Workflow

The core of the PASTA framework—underlying AccelProf—is a modular, stage-based workflow designed for scalable and extensible program analysis. It consists of three major components:

Application → [Event Handler] → [Event Processor] → [Tool Collection]

Each component plays a distinct role in the profiling pipeline, enabling clean separation of concerns and easy extensibility.

Components

🔹 Application

The target workload can be:

A deep learning model executed via a framework such as PyTorch
A binary GPU-accelerated application using libraries like cuDNN

This application is the source of events captured during runtime.

🔹 Event Handler

Responsible for intercepting execution events.
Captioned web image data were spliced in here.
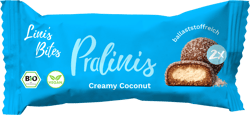 Lini's Bites BIO Creamy Coconut Pralinis glutenfrei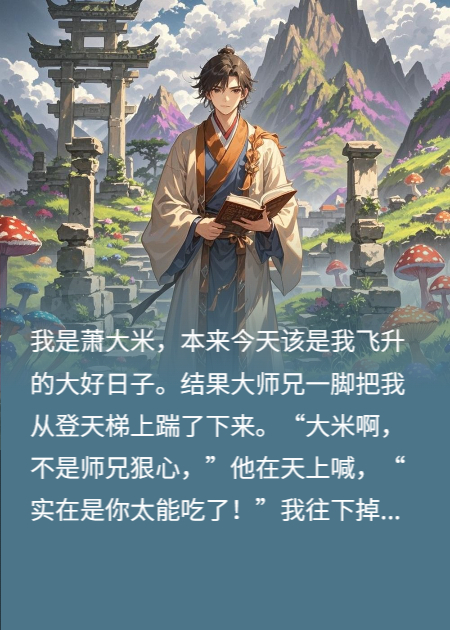 全宗门飞升，我被一脚踹下登天梯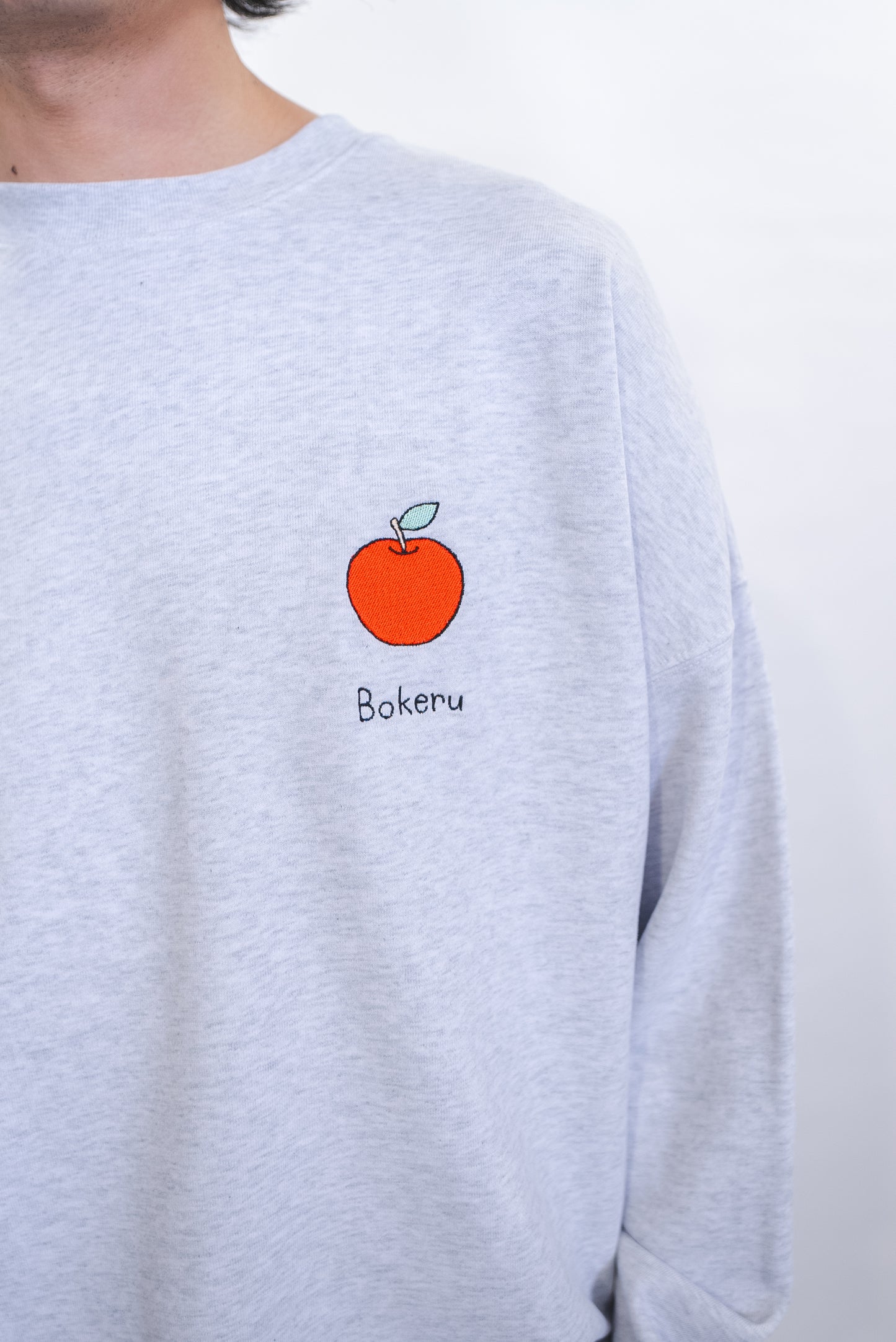 【受注】りんごがぼけるスウェット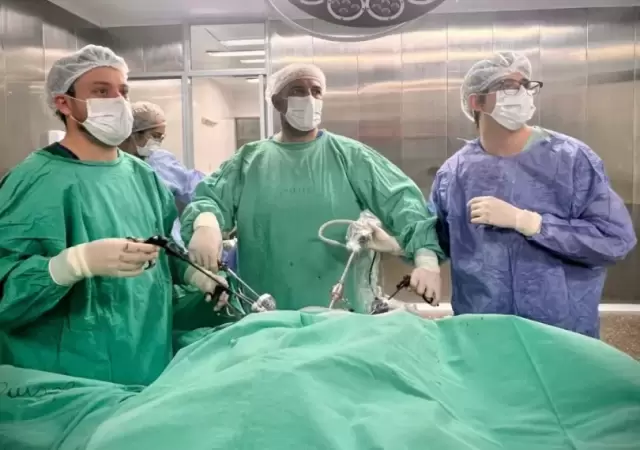 El Hospital Lagomaggiore marc� un hito en la salud p�blica con una cirug�a �nica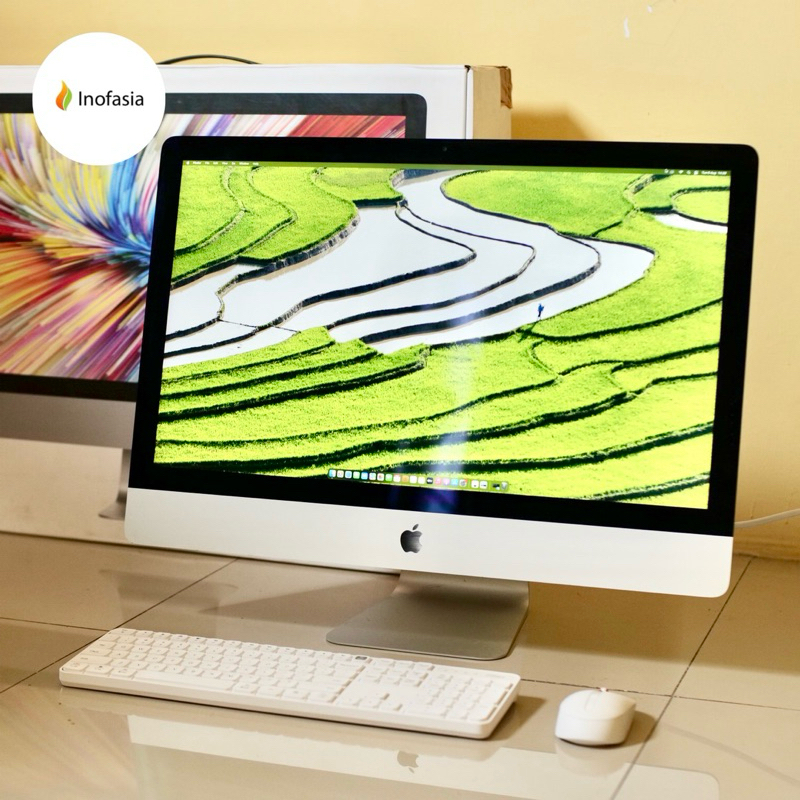 Imac 5K 2020 Core i5 40GB RAM 256GB SSD Radeon 5300 4GB 27 inch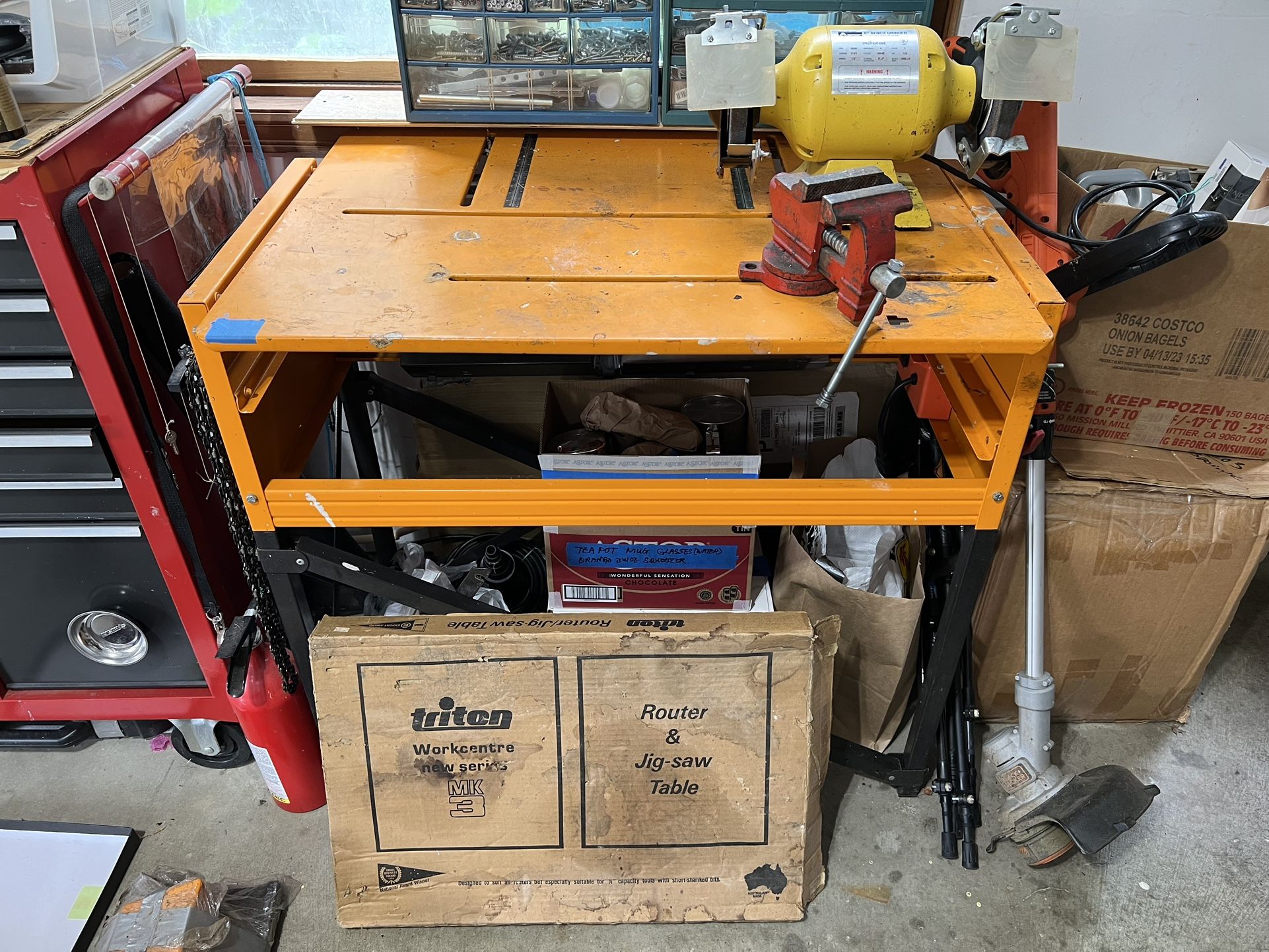 Triton MK3 Jigsaw & Router Table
It integrates:

Low-level profiling APIs
e.g., NVIDIA Compute Sanitizer, AMD ROCm ROCProfiler
High-level callbacks
e.g., from DL frameworks like PyTorch

This component abstracts vendor-specific and API-level complexity through a unified internal interface, offering consistent behavior across platforms.

🔹 Event Processor

The pre-processing stage that prepares collected data for analysis:

Can be executed on CPU or GPU
Transforms raw events into enriched, normalized structures
Performs filtering, bucketing, or timing-based correlation

The processor routes processed data to registered tools for final analysis.

🔹 Tool Collection

This is the analysis backend of PASTA:

Hosts user-defined profiling tools
Operates on preprocessed events
Generates profiling results such as:
- Kernel launch frequency
- Memory access hotness maps
- Tensor allocation patterns
- Operator-level performance summaries

Each tool is modular, and developers can add new tools by inheriting from a simple interface and registering their implementation.

This architecture enables flexibility, cross-vendor support, and fine-grained customization—making PASTA a powerful backend for performance engineering on modern heterogeneous systems.